Bernie believes that the rates of sexual and domestic violence against women — and men — is too high, and that “much more has to be done”.

What has Bernie done and said to address this issue?

Bernie recognizes the seriousness of domestic and sexual violence against women in this country. As such, Bernie voted, in August of 1994, for the Violence Against Women Act (VAWA), which authorized $1.6 billion towards investigating and prosecuting violent crimes against women, and created the Office on Violence Against Women.  Since the VAWA was enacted in 1994, incidents of domestic violence against women have dropped more than 50 percent.

In 2012, Bernie co-sponsored the Violence Against Women Reauthorization Act of 2013, a bill that renewed the provisions of the previous VAWA and included additional provisions to protect LGBT victims, expand access to justice for victims on Native American reservations, and extend protection for immigrant victims.

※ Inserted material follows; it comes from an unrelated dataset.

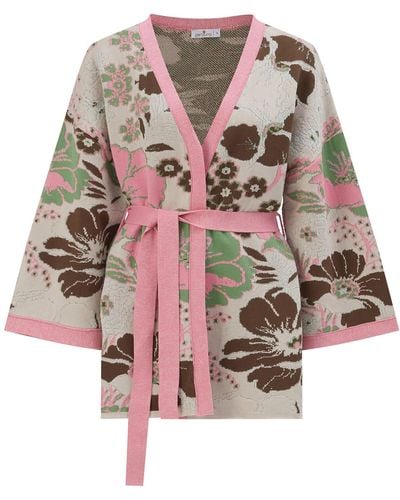 Peraluna Floral Pattern Shimmer Detailed Short Knit Kimono - Pink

After the renewal of the VAWA in 2012, Bernie said:

“While we are reducing the incidence of domestic violence, much more has to be done. Too many girls and women are still suffering from domestic violence and sexual abuse and that must end.”

What about men? They suffer from abuse, too!

It’s absolutely true that men are victims of domestic violence, and Bernie supports all victims of domestic violence. Although the title of this Act states that it is for women, the operative text is gender-neutral and applies to men and women, including transgender people.